Prague, Czech Republic – Fifty years ago Soviet tanks rolled into Czechoslovakia to violently quash the democratic reform movement against communism known as the Prague Spring.
Led by Alexander Dubcek, then-newly elected Communist Party leader, Czechoslovakia in the spring of 1968 initiated a process of liberalising a communist regime that had seized power 20 years earlier.
Offering more press freedom, freedom of movement and economic openness, Dubcek served up what was famously coined “socialism with a human face”.
In Moscow, the reforms were viewed as a threat to the Soviet Union’s iron grip on the eastern bloc of satellite states firmly in their control.

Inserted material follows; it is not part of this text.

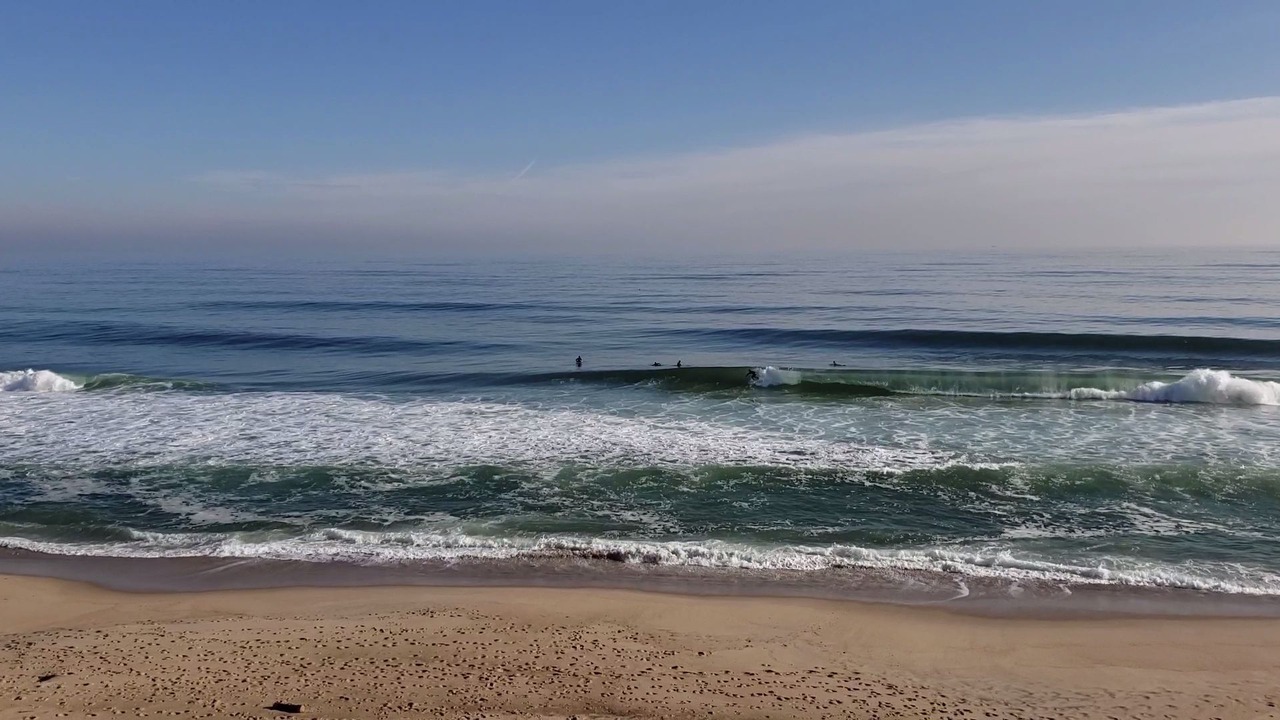 Photo of Others in Wellfleet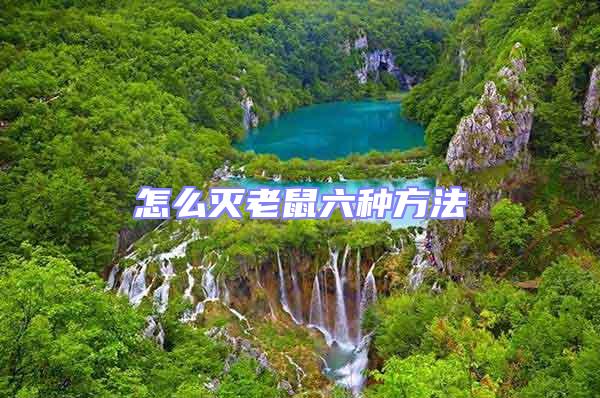 怎么滅老鼠六種方法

On the night of August 20, 1968, thousands of tanks accompanied by 200,000 Warsaw Pact soldiers from Russia, Bulgaria, Hungary, East Germany and Poland invaded Czechoslovakia.
By the next morning, scores of Czechoslovakians had been killed and the Soviets had occupied the country.
“The Prague Spring was probably the only genuine attempt of liberalisation of the Soviet-style socialism before Mikhail Gorbachev’s Perestroika,” said Matej Bily, a researcher with the Institute for the Study of Totalitarian Regimes in Prague.
“The fact that the reform process began in one of the Soviet satellites, and not in Moscow, is also very important.”
At the same time, the invasion served as a turning point for Slavic attitudes towards Russia that has endured ever since.
“Fifty years later, many Czechs are extremely suspicious about Russia and the anti-Russian moods are widespread,” said Bily.
Today, the Prague Spring stands as one of the defining moments in contemporary Czech history.
Still, while Czechs reflect on what transpired 50 years ago, many are worried their fallen oppressor may be back to haunt them as a resurgent communist political party has found its way back into the political mainstream.
After winning October’s parliamentary elections, populist billionaire Prime Minister Andrej Babis was forced to seek the approval of the Communist Party in order to establish a government after most other parties refused to back him.
“Fifty years later, many Czechs are extremely suspicious about Russia and the anti-Russian moods are widespread.”
MATEJ BILY, A RESEARCHER WITH THE INSTITUTE FOR THE STUDY OF TOTALITARIAN REGIMES IN PRAGUE
The move brought the communists, who remained only in the shadows of national politics since their rule ended, back to power.
“Very important days and anniversaries like this are full of purpose and reminds us how fragile our democracy really is,” said Ivan Bartos, chairman of the upstart Czech Pirate Party.
“Andrej Babis was the one who introduced them back to power. [The communists] requested positions in state-controlled companies in exchange for their support so now you are paying with something that is not yours for political support,” he said.
“We voted against it and now we have to fight every day.”
Making matters worse, the prime minister has been dogged by a long-running dispute with Slovakia over his registration as an agent of the StB, Czechoslovakia’s communist-era police.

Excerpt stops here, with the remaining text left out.